F_n = 72 newtons  assuming a u_friction = 1 which is possible with a sticky wheel.

The assumed  compression distance is about 1 in or 2.54 cm.  (To be verified later)

Hence Ec = F_n*d/2 = 72*.0254/2 = .91 joules. 

With good design, the friction loss in the drive train can be small (maybe .1 joules) so lets assume that E_c + E_f  are about equal to the K= 1.06 j so

p_avg = 2*K/t = 1.06*2= 2.12 watts   or 1.06 watts per motor.

We know the vex 393 motors have a max power = max_speed*max_torque/4 or about 4.5 watts  but they will overheat if run continuously at this power.   The PTC fuses will stop the motors if they run continuously with currents equivalent to more than  25% maximum torque (speeds less than 75% max speed).    At this operating point, the motors only deliver  3/4 max power or 3.4 watts.

There are also friction losses from the teeth of the spur gears.   I usually assume about 5% per 5:1 ratio.    A shooter wheel with a 25:1 gearing would lose 10% torque or energy at a given speed.
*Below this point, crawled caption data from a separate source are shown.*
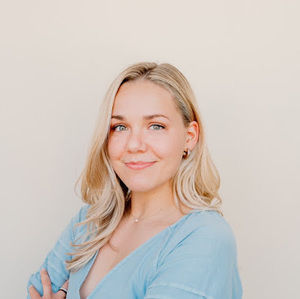 Meet your Posher, Dana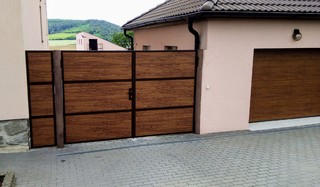 Tor für Kunststoffplatten, Fahnenschrei, Zink und Farbe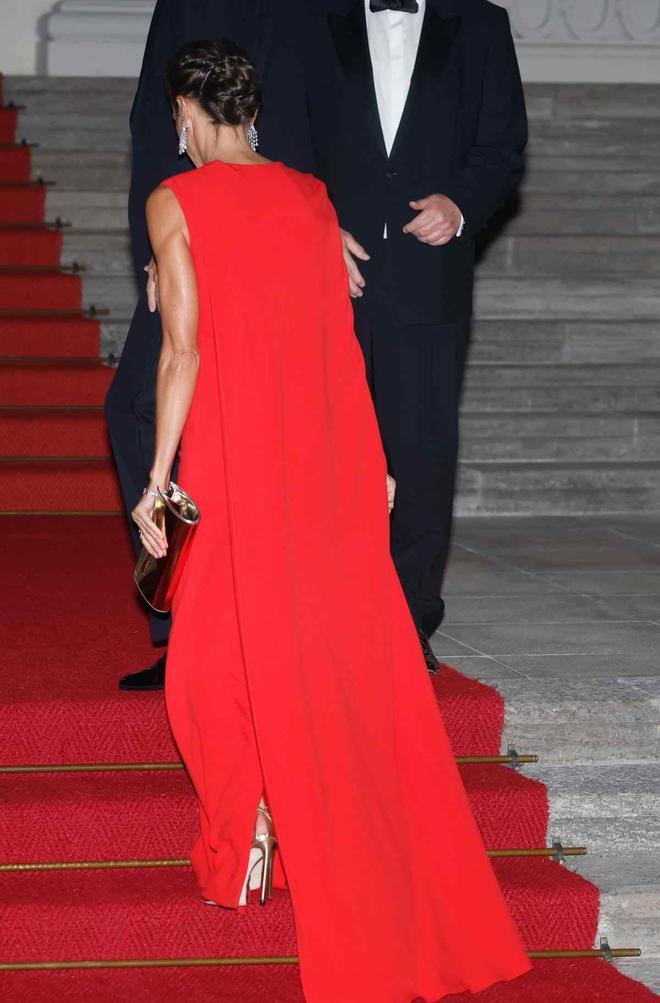 La reina Letizia con un vestido rojo en la cena de gala en Berlín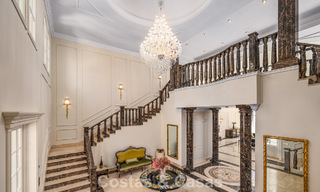 Opmerkelijk, presidentiëel paleis te koop, in de vooraanstaande, gated gemeenschap van Sierra Blanca in Marbella 779340 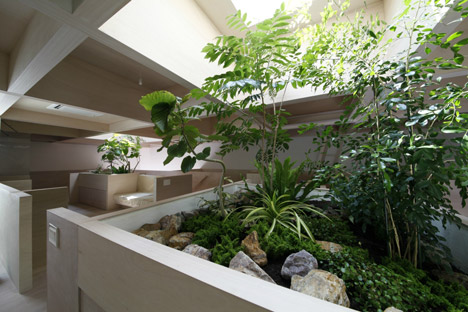 House in Hanekita by Katsutoshi Sasaki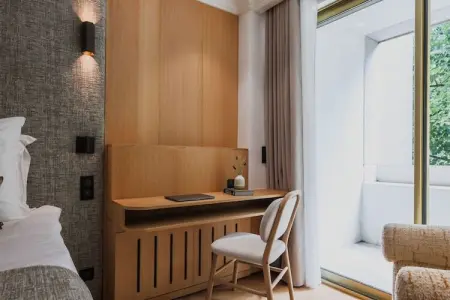 MB-42-BUGEAUD, Appartement d'exception - 2P/6P- Arc de Triomphe - Photo 24
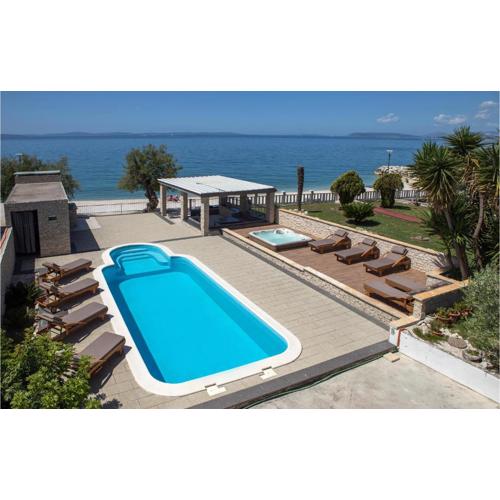 Nice Home In Podstrana With Jacuzzi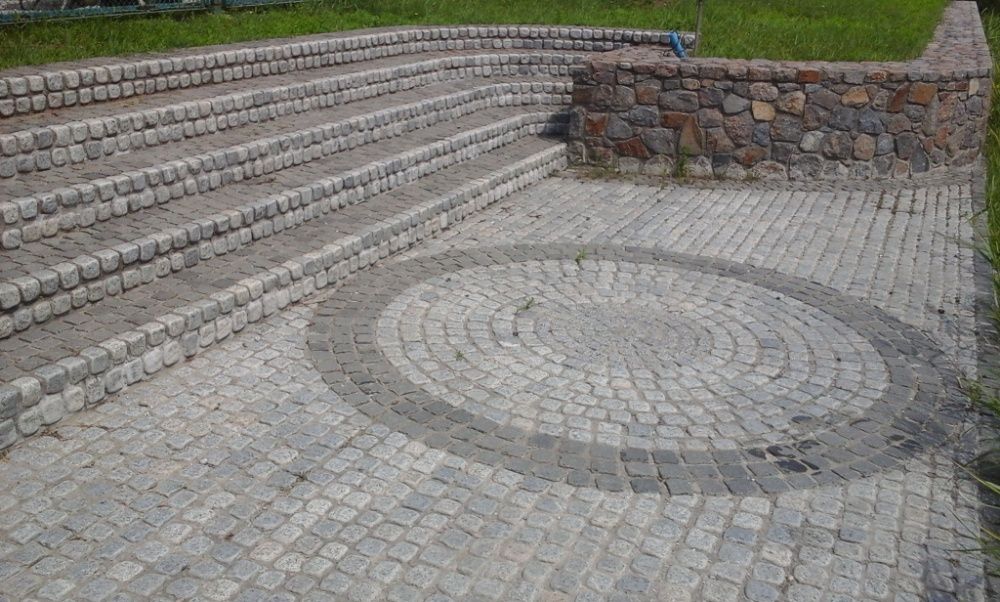 Укладка брусчатки ,тротуарной плитки ,гранитной плитки, ,бута,"соломки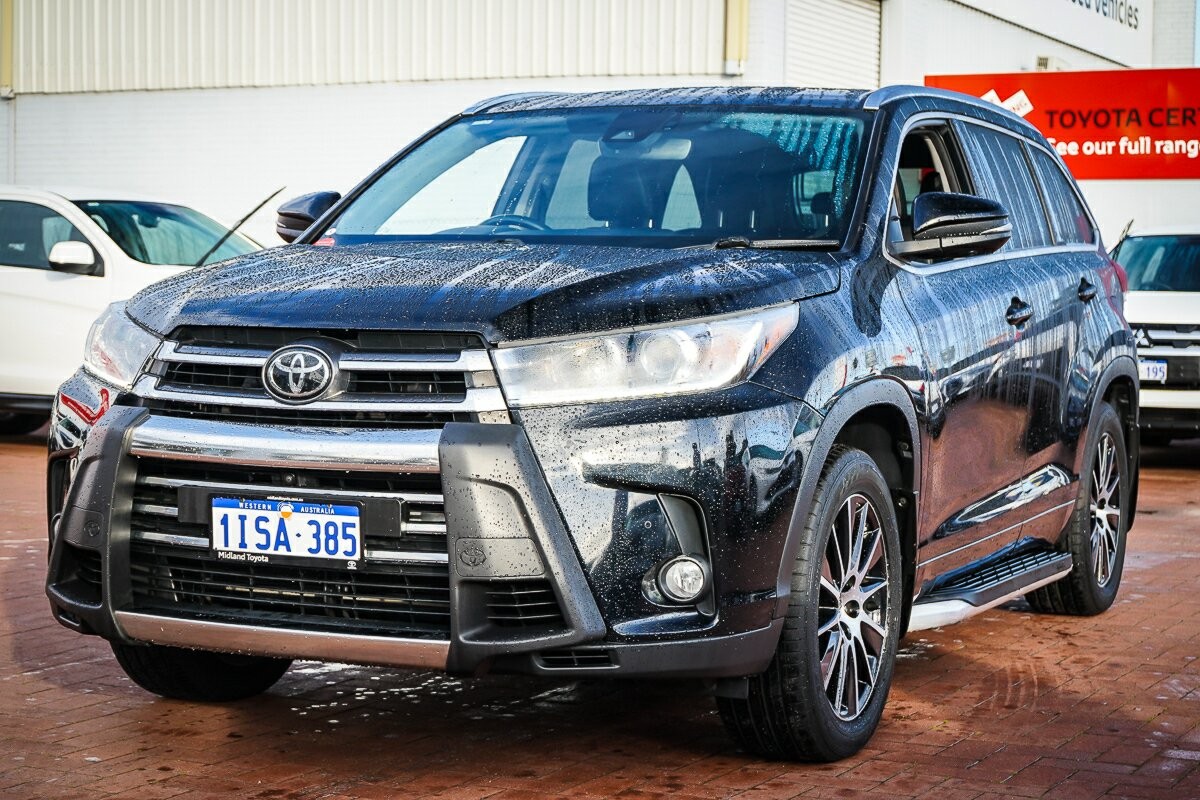 Toyota Kluger image 4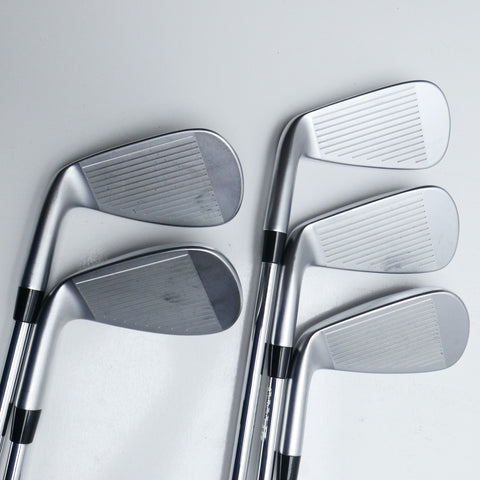 Used Cleveland Launcher XL 2022 Iron Set / 6 - PW / Regular Flex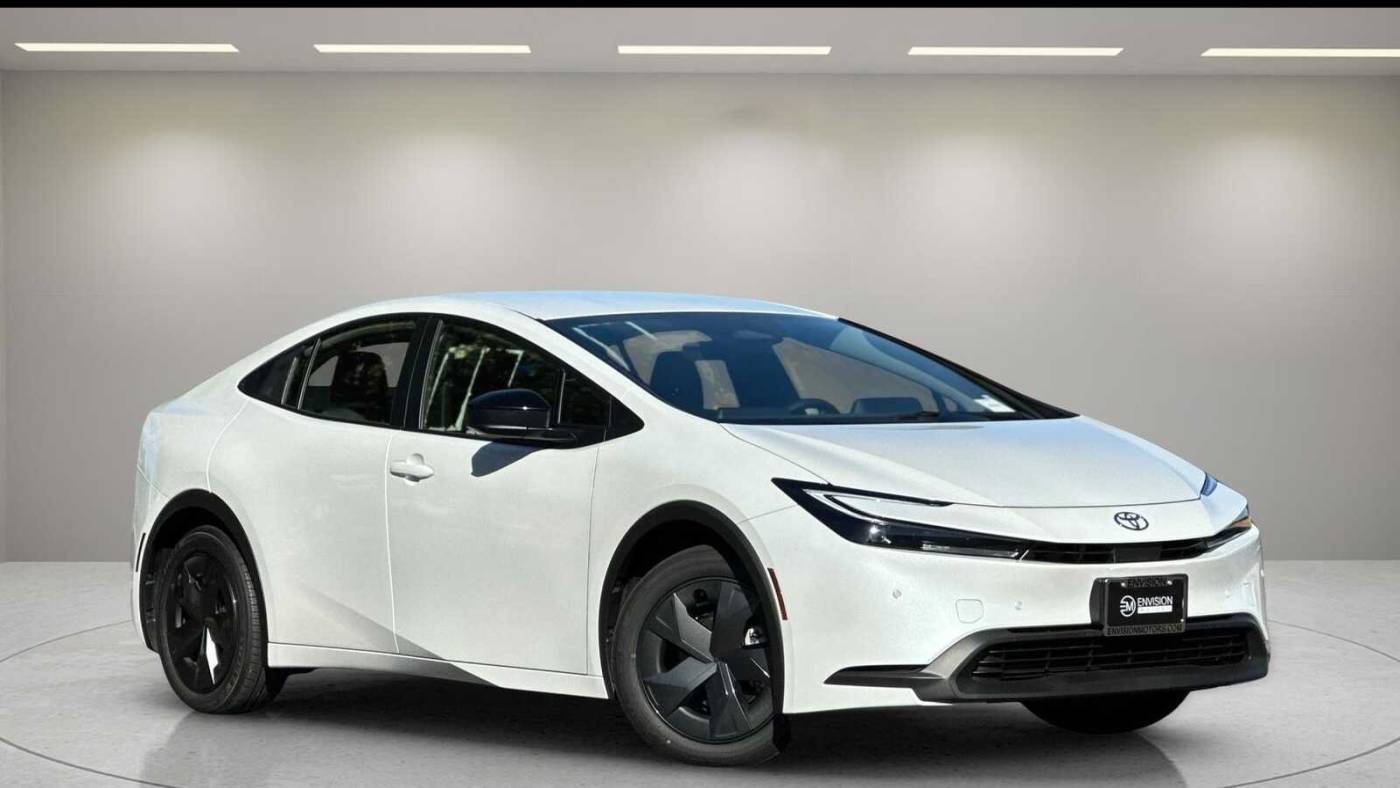 2023 toyota prius le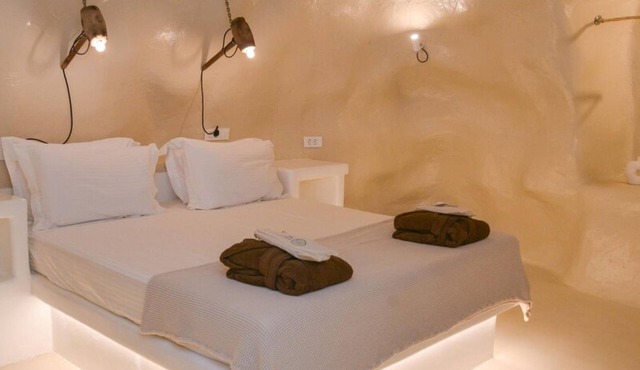 Dream on Adamas Milos
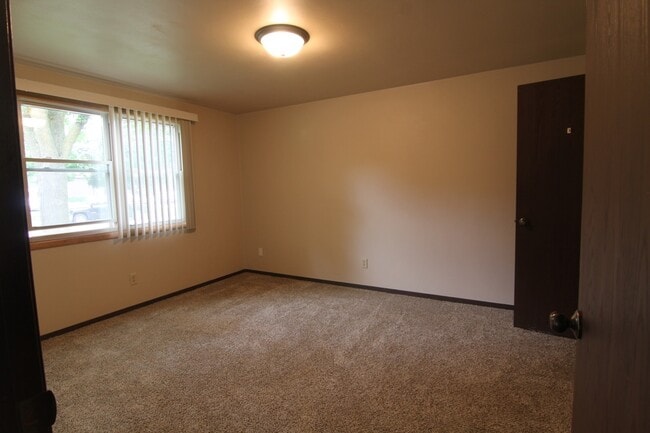 Interior Photo - Oakview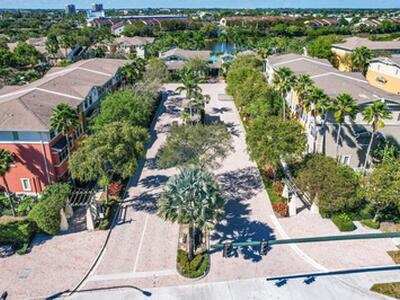 690 Pacific Grove Drive, West Palm Beach, FL 33401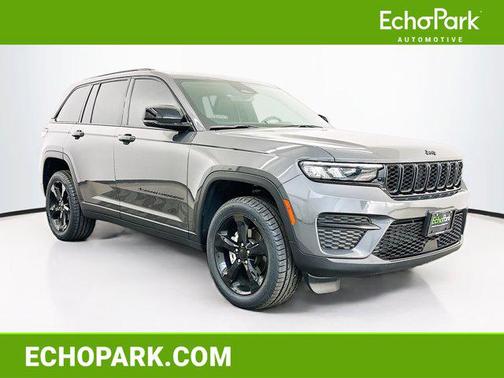 Baltic Gray Metallic Clearcoat 2024 Jeep Grand Cherokee Altitude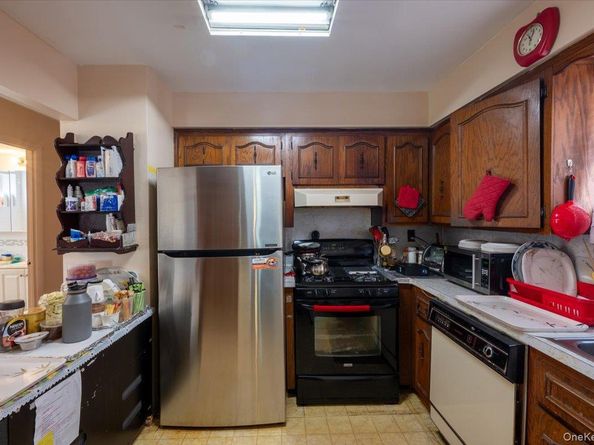 16608 29th Avenue, Flushing NY 11358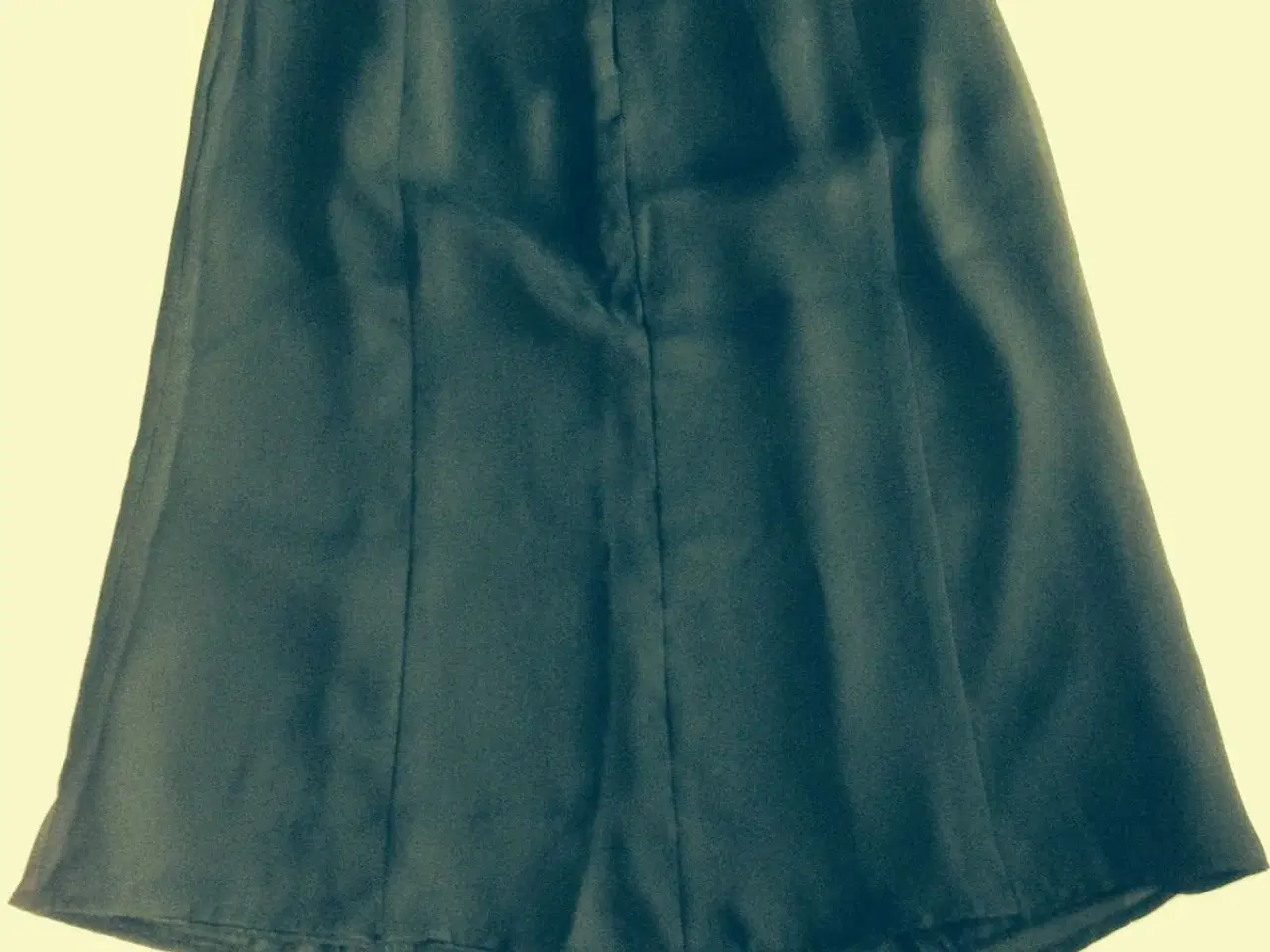 Billede 1 - Sort knælang nederdel, ny, str 36, kr 100 inkl fra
So the net power to the shooter wheel will be  .9*3.4 =  3.0 watts which is more than the 1 watt that we require.         

Extra friction?    

If the gear train has pressure on the axles from bearing blocks and possibly the collars are too tight so the wheels slow down quickly when coasting with motors disconnected, then over heating can easily occur.   e.g.  if friction uses up just 15% of the available torque, the motors will have to provide about 1 watt extra. which cuts our margin considerably.

Faster shot rate?

We assumed 1 shot per second…what happens with 2 shots per second….   Well, the power requirements almost double since we are using twice as much energy per unit time.    We would likely have to add extra motors.